Limiting factors of distribution.–Common salt is poison to the Amphibia; even a solution of 1 per cent prevents the development of their larvae. Consequently seas, salt lakes, and plains encrusted with saline deposits act as most efficient boundaries to normal "spreading." But undoubtedly many individuals have made long and successful voyages across the seas on floating trees. Solutions of lime are likewise detrimental to many species, and it is a general fact that limestone-terrain is poor in Amphibian life, unless, of course, sufficient accumulation of humus counteracts or prevents the calcareous impregnation of the springs and pools in meadows. Salamandra maculosa is, for instance, absent in Central Germany on the Muschelkalk, but it occurs in abundance in neighbouring districts of red sandstone or granite; nor can the larvae be reared successfully in very "hard" water. On the other hand, Proteus lives in the subterranean waters of Carniola, where the whole country is nothing but limestone.

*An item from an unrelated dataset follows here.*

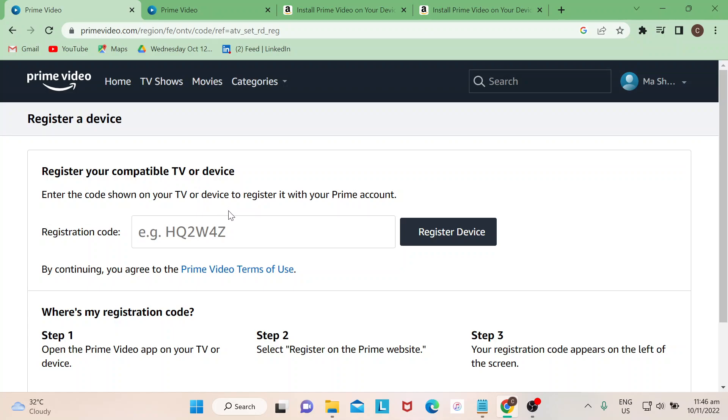Basically how it's done is when you install the Amazon Prime Video app - say for example on your iPad - you need to install it from your App Store. Once you install, make sure you're connected to the same WiFi of course. And then when you register to the Prime website, there would be a registration code that would appear left of the screen.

Cold is another powerful limiting factor. The absolute northern limit of Amphibian life coincides rather closely with the somewhat erratic line of 0° Centigrade of annual mean temperature, a little to the north of which line the ground remains permanently frozen below the surface. The surface-crust, which thaws during the summer, engenders an abundance of insects as food-supply, but its freezing down to the icy bottom makes hibernation impossible. There are, of course, some exceptions, for instance the occurrence of Urodela in the Schilka river and in the district of Lake Baikal.

Ranges of mountains are far less effective barriers than is generally supposed. In many cases the fauna is the same on either slope, and they act rather as equalising or dispersing factors, especially when they extend from north to south. Witness the Andes, owing to which Ecuador and Peru bear a great resemblance to the Central American fauna, and differ from the tropical parts of South America. The existence of an Amblystoma in Siam is another instance.

The more specialised a family the more intimately is it connected with the physical features of the country. Typically arboreal frogs are dependent on the presence of trees. Some have undoubtedly spread into treeless countries and have changed into prairie-frogs, e.g. Acris. They come out, so to speak, as something different at the other end, and it is unlikely that these modified descendants redevelop exactly the same features as their ancestors before the migration. Baldwin Spencer[[39]] met with only six species of frogs in Central Australia, Limnodynastes, Chiroleptes, Heleioporus, and Hyla. They are in the main identical with certain forms found in the dry inland parts of New South Wales and Queensland. They are to be regarded as immigrants from the latter regions, which have been able in the majority of cases to adapt themselves to unfavourable climatic conditions by means of a marked development of the burrowing habit, to which in certain cases has been added a capacity for absorbing and holding water.

Faunistic divisions of the Amphibia.

NOTOGÆA.–South World.

* indicates Amphibia which are peculiar to the respective regions or sub-regions.

Characterised by the Cystignathidae* and by the predominance of Arcifera, which form nearly 90 per cent of the Anurous population.

I. Australian region.–Absence of Apoda and Urodela. All the Anura are arciferous, with the exception of one species of Rana in the Cape York peninsula. The fauna of the Australian continent and of Tasmania consists chiefly of Cystignathidae and Hylidae (Hyla and Hylella) and several small genera of Bufonidae (Pseudophryne,* Notaden,* and Myobatrachus*).

It is customary, and from the study of other Vertebrata quite justifiable, to divide the Australian region into several sub-regions, but the Amphibia lend no support to this. The only Amphibian in the Sandwich Islands is a Bufo, closely related to North American species. The only Amphibian in New Zealand is Liopelma,* one of the Discoglossidae which are otherwise confined to Europe, North-east Asia, and North-west America, and, to judge from their low organisation, had formerly a much wider distribution. New Caledonia possesses no Amphibia. The Fiji Islands are inhabited by one or two species of Cornufer, a genus of Ranidae. The same genus is typical of the Austro-Malayan and Papuasian islands, the fauna of which consists of Rana and Cornufer, Ceratobatrachus, several genera of Engystomatinae, Hylidae, and Pelobatidae.